◆ Task details ◆
Begin at the line containing "2024 Volvo S60 B5 Plus Dark Theme" in the records below, end at the line containing "Free Parking In", and retype each line in that span exactly. No other line and no image should appear.

◆ Stored data ◆
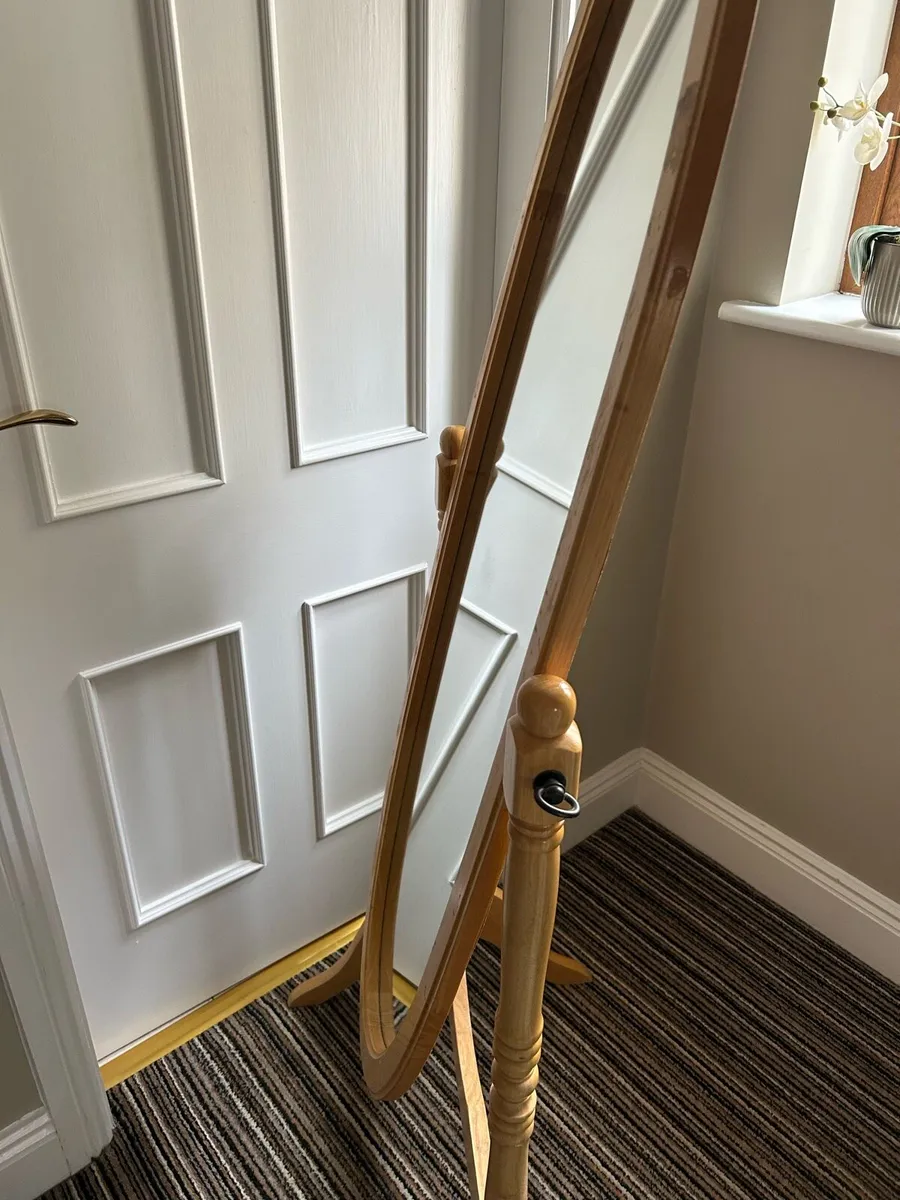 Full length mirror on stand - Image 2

---

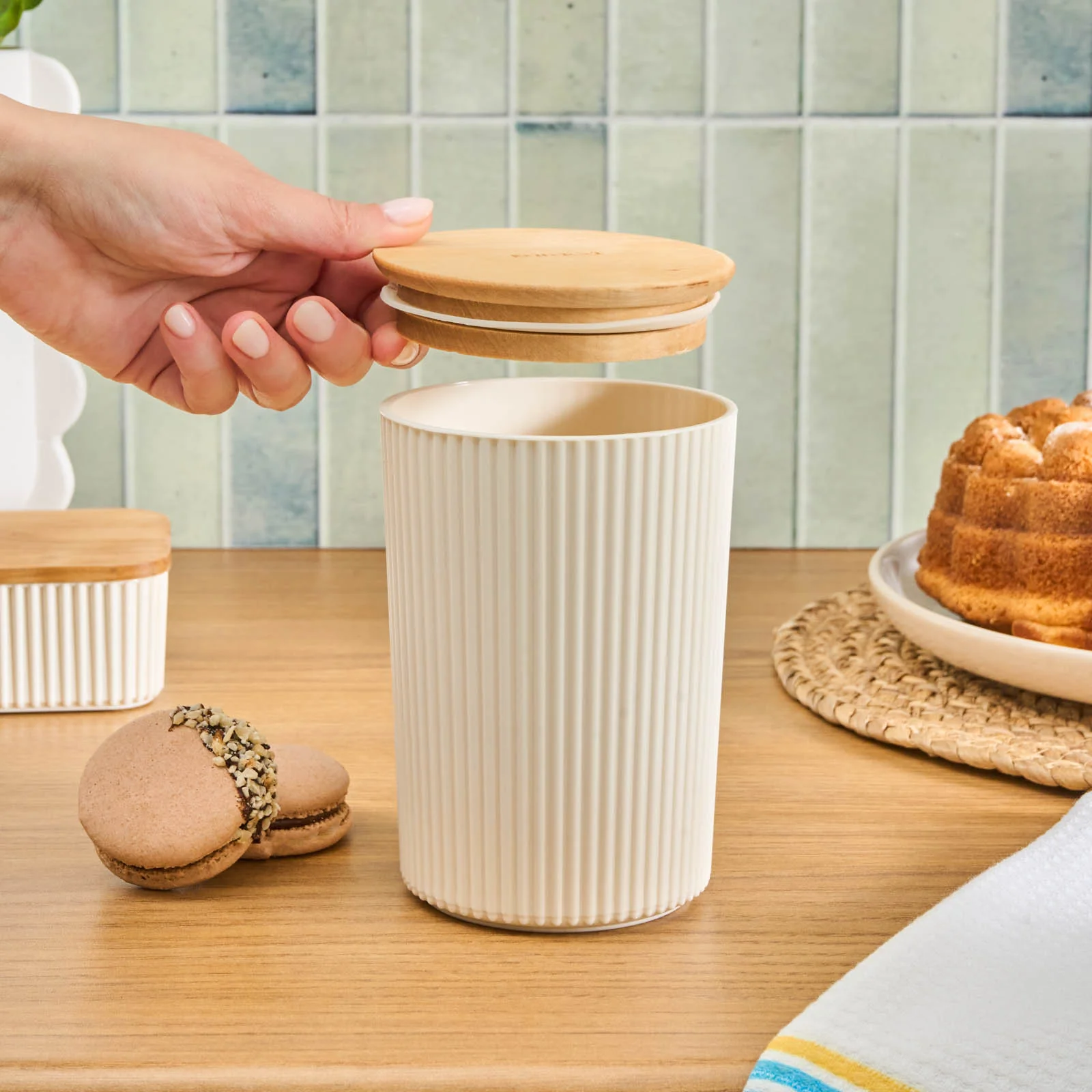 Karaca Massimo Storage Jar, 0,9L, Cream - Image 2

---

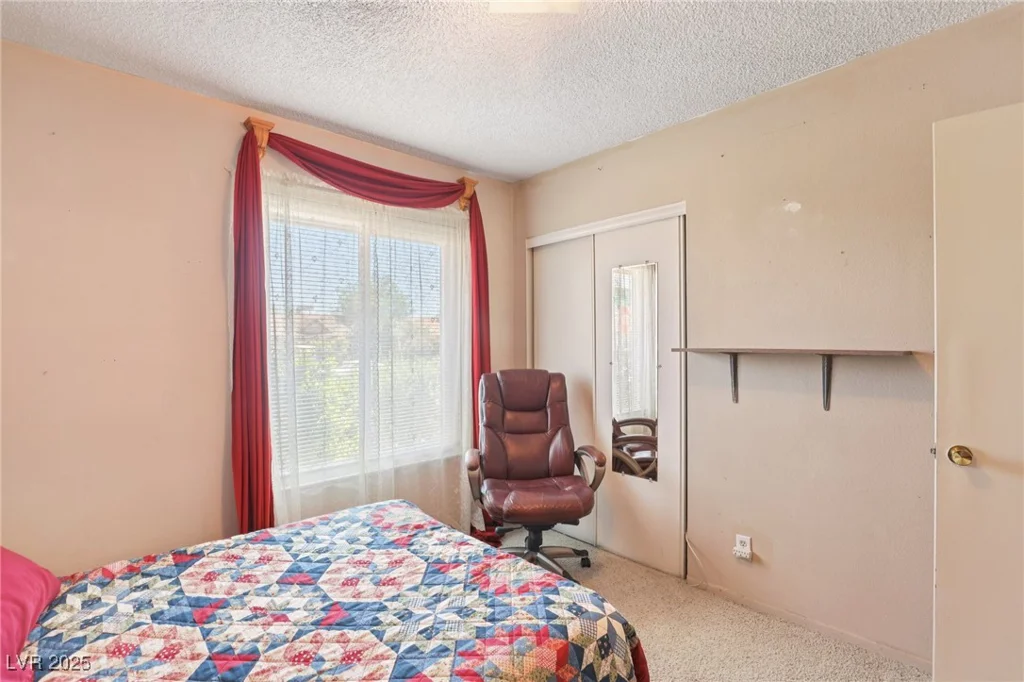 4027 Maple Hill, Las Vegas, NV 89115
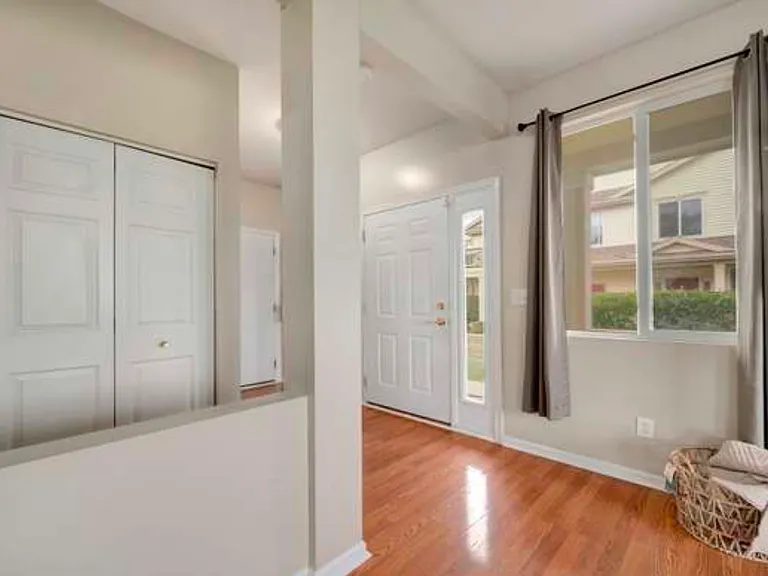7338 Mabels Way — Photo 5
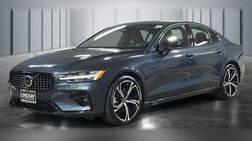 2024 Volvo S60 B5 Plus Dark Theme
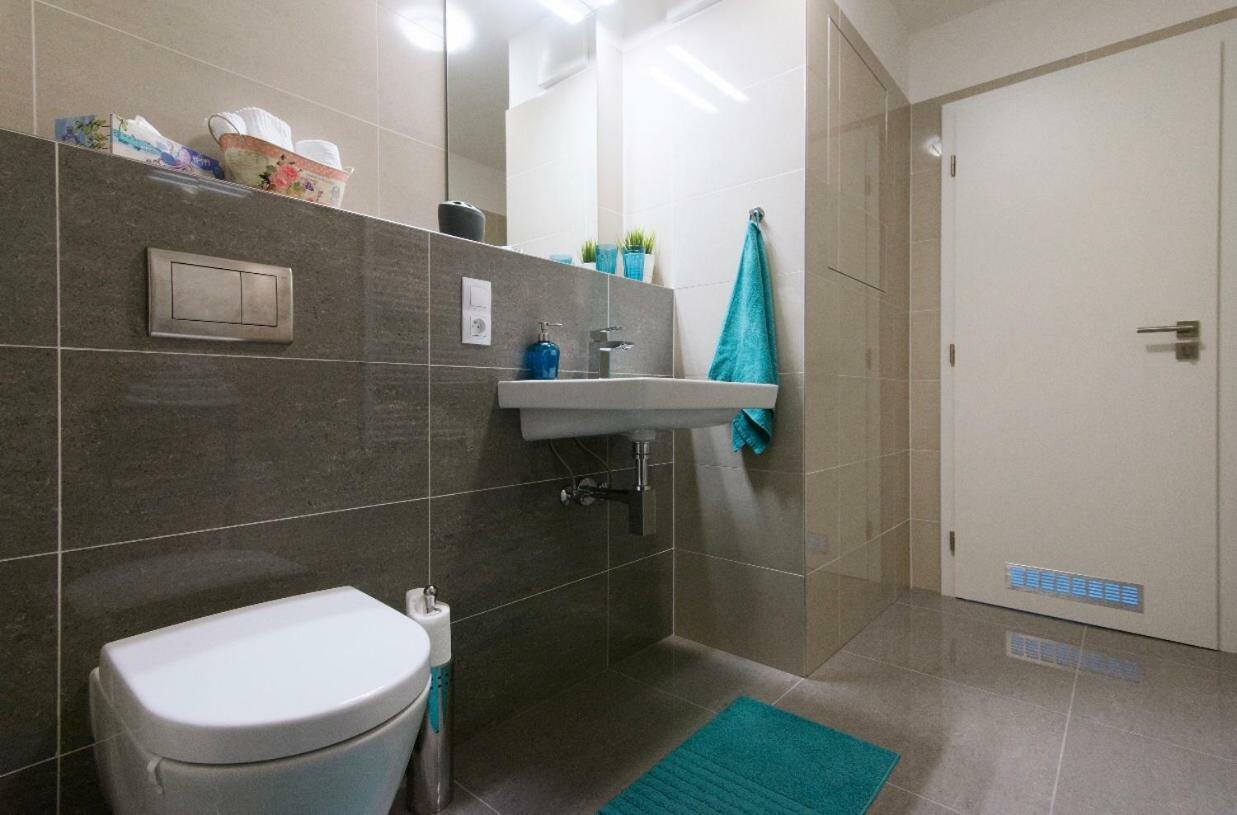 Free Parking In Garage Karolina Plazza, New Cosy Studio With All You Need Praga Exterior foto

◆ Solved problem ◆
 2024 Volvo S60 B5 Plus Dark Theme
 Free Parking In Garage Karolina Plazza, New Cosy Studio With All You Need Praga Exterior foto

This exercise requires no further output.